*** DATA EXTRACTS

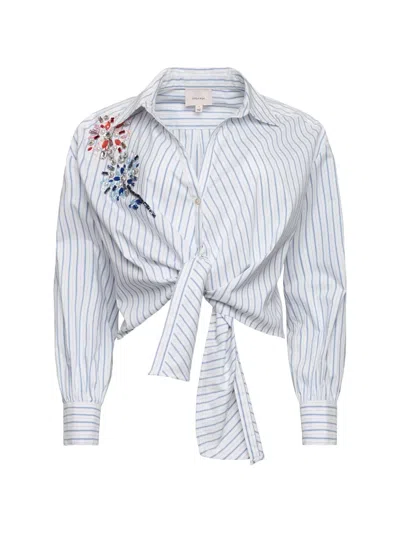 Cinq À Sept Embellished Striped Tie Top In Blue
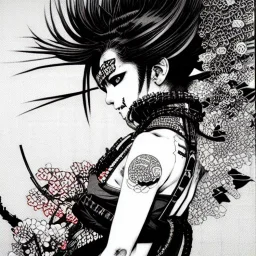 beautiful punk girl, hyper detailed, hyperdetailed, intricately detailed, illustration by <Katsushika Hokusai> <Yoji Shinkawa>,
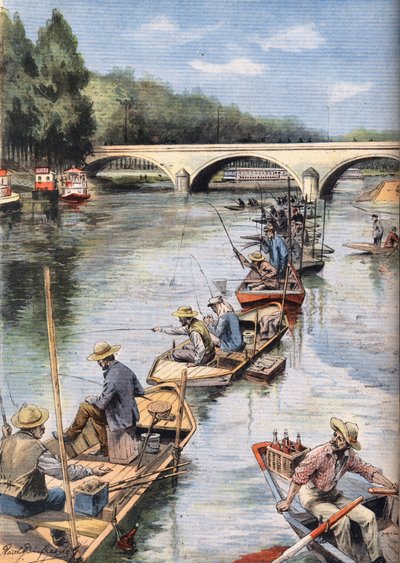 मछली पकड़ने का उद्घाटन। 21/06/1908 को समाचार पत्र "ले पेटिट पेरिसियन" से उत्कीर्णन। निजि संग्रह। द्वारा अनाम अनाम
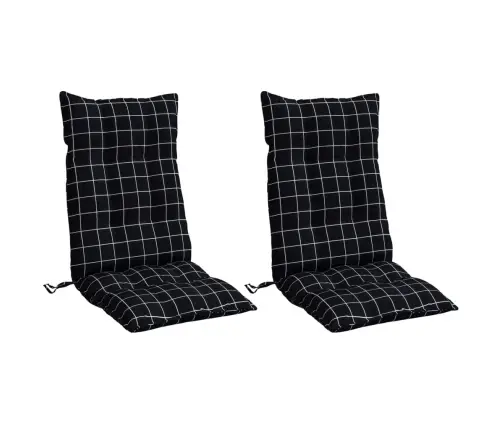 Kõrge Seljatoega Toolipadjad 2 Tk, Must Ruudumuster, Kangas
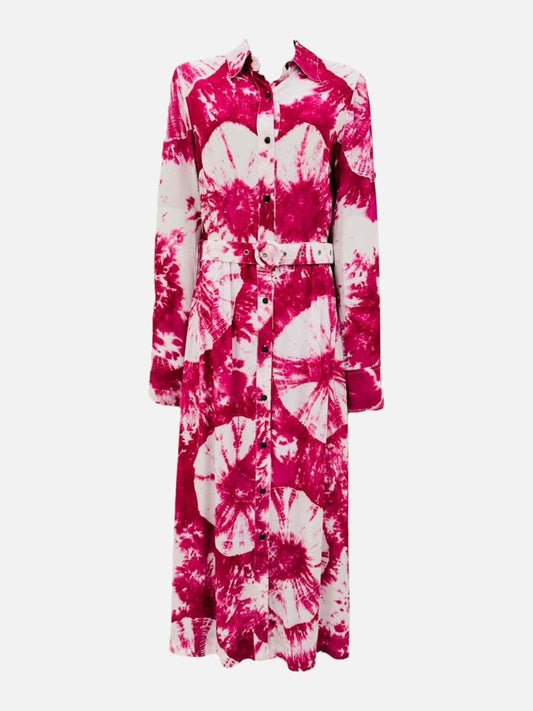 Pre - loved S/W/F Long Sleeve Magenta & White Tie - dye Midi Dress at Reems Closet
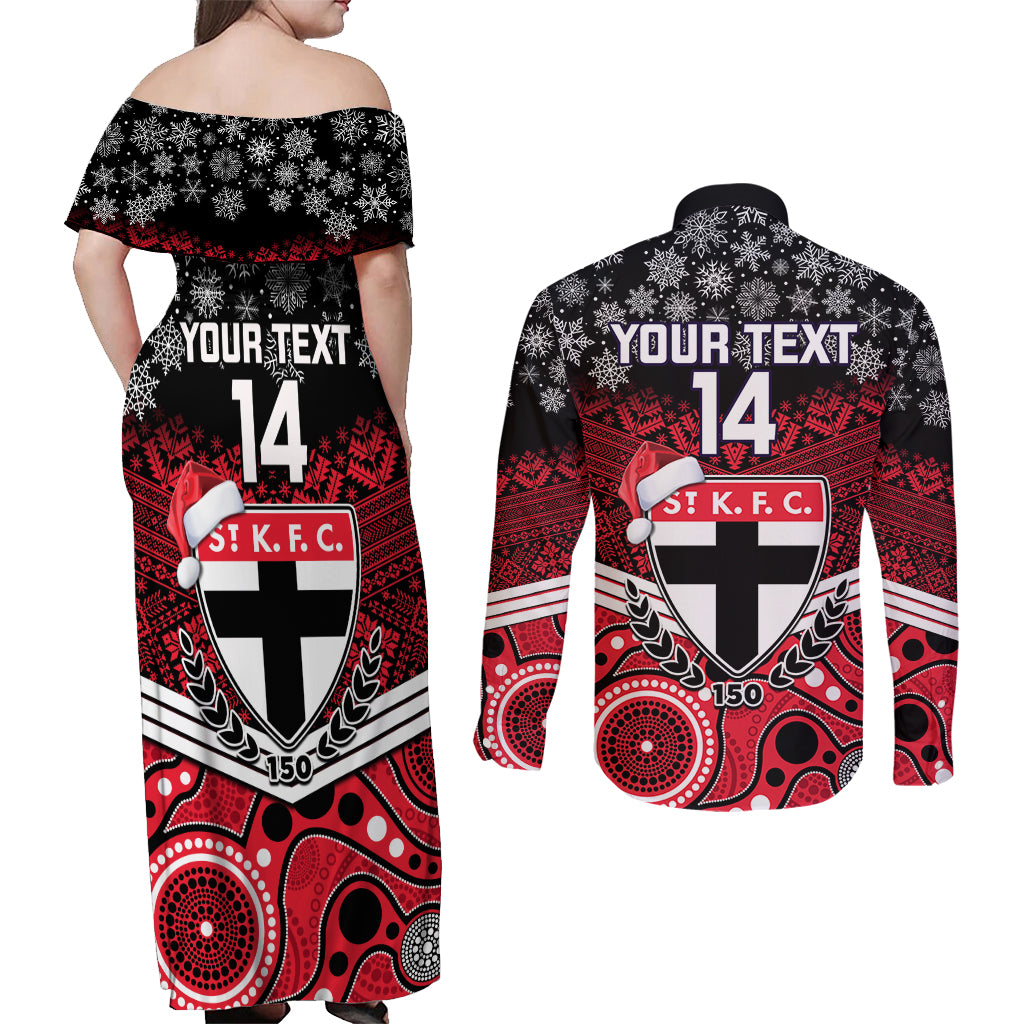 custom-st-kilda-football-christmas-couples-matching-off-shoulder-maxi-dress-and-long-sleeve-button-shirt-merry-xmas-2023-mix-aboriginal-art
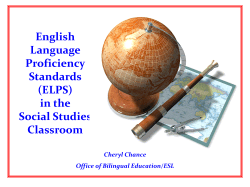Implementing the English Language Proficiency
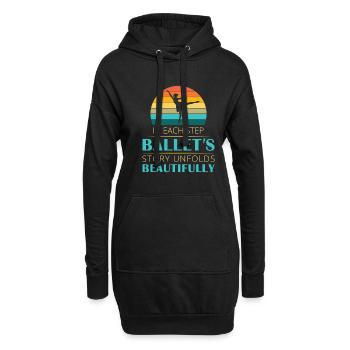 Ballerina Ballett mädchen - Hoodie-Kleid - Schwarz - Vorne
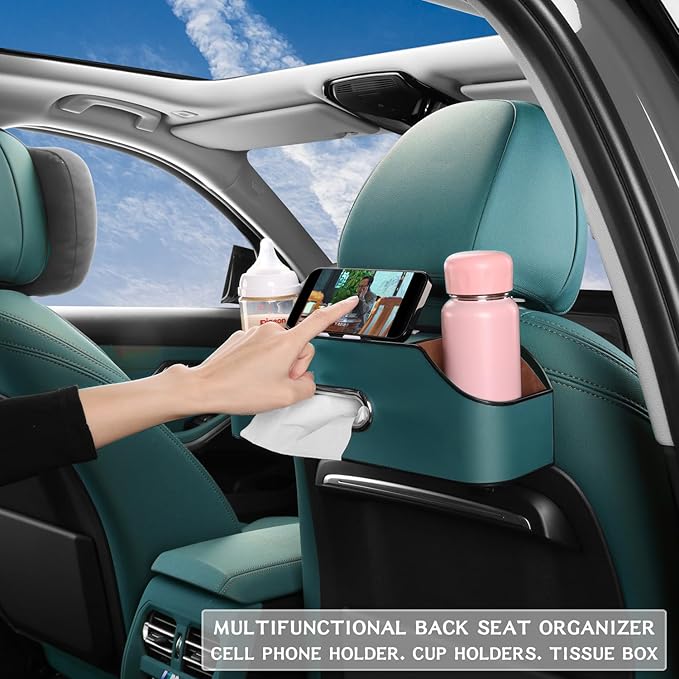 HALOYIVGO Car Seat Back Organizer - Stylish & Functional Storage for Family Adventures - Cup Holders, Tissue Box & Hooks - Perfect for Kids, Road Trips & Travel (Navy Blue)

******
*** DATA EXTRACTS

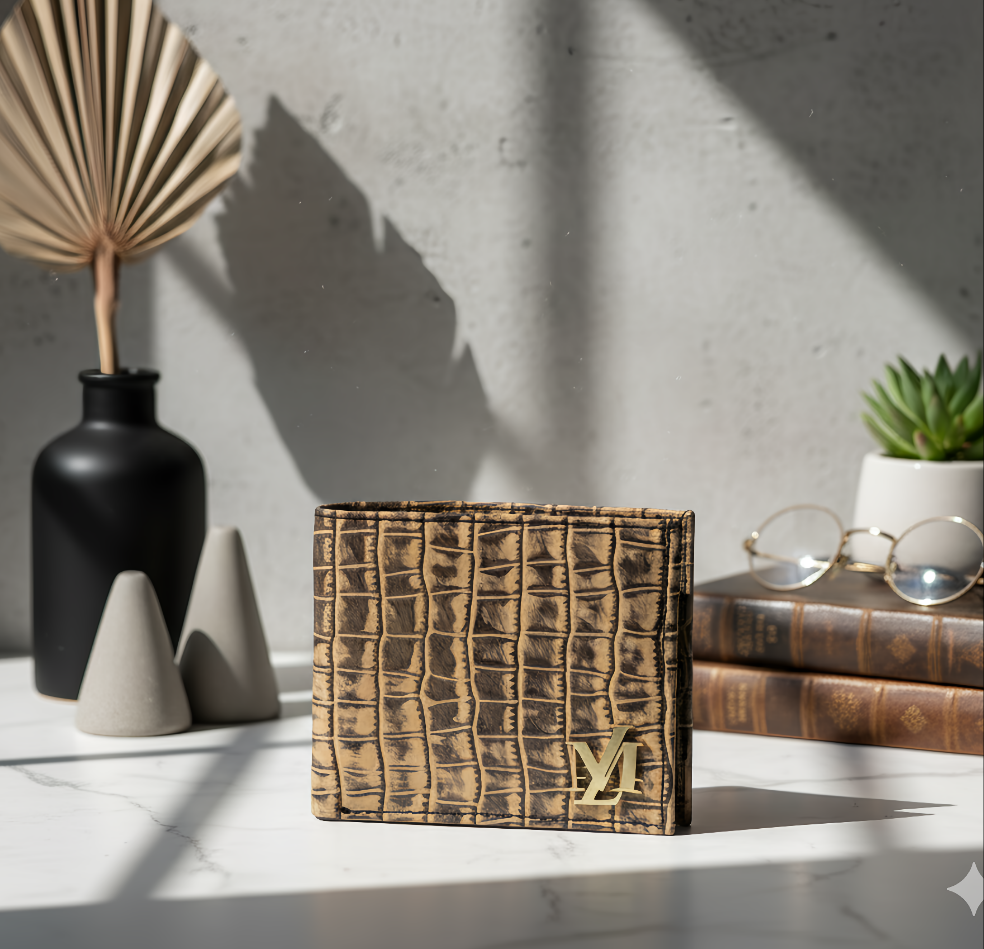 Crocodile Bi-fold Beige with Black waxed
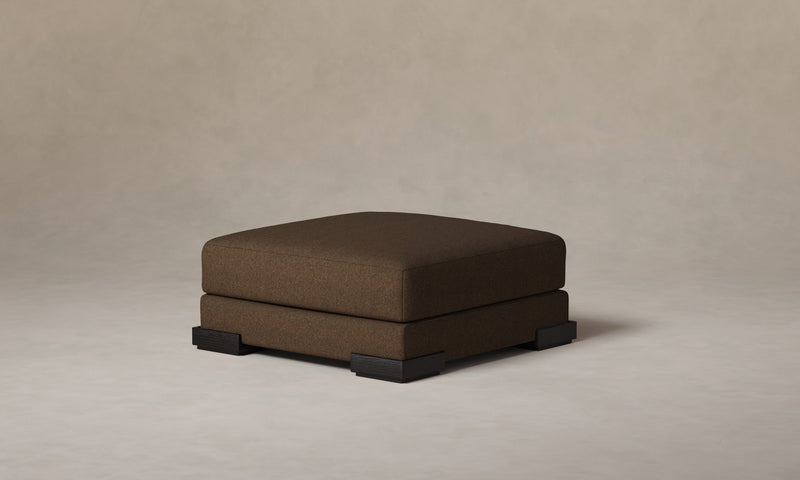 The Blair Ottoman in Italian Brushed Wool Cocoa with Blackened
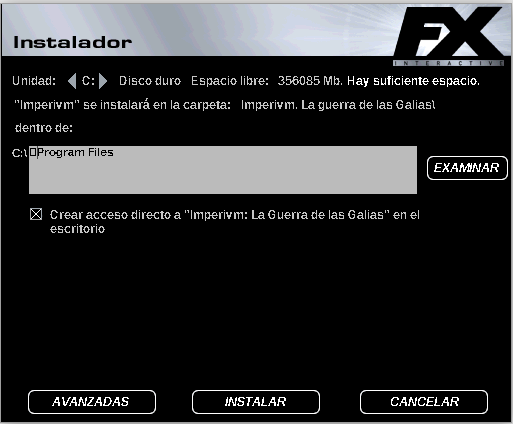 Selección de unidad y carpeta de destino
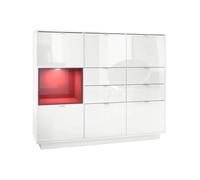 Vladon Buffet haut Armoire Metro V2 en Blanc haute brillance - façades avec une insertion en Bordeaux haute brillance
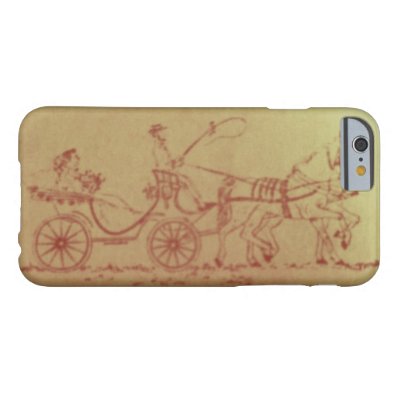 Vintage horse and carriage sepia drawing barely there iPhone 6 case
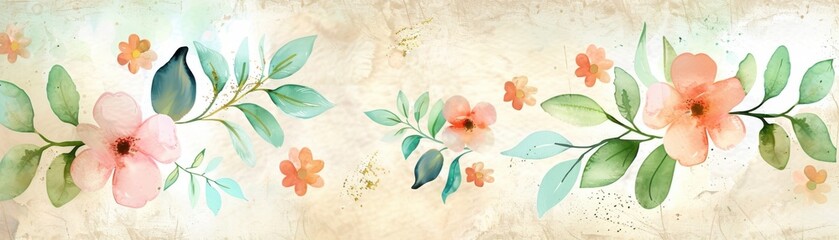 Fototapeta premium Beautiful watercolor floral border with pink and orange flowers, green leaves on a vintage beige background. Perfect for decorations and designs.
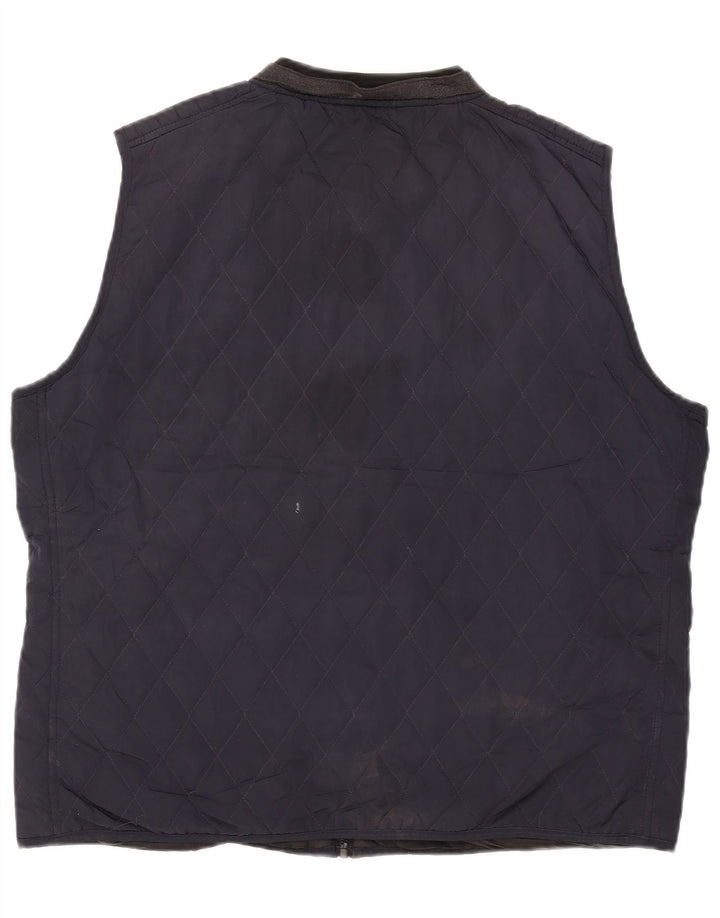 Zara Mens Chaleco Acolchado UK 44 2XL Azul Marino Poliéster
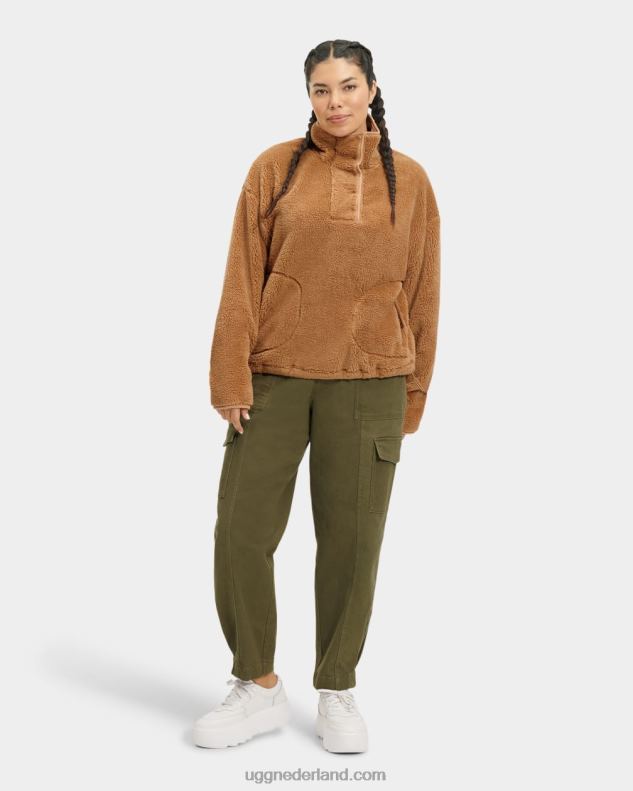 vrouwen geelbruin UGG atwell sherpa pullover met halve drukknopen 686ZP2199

******

Given the entries above, transcribe exactly the lines from the one holding "Implementing the English Language Proficiency" through the one holding "HALOYIVGO Car Seat"; pictures do not belong in the transcription.

Implementing the English Language Proficiency
 Ballerina Ballett mädchen - Hoodie-Kleid - Schwarz - Vorne
 HALOYIVGO Car Seat Back Organizer - Stylish & Functional Storage for Family Adventures - Cup Holders, Tissue Box & Hooks - Perfect for Kids, Road Trips & Travel (Navy Blue)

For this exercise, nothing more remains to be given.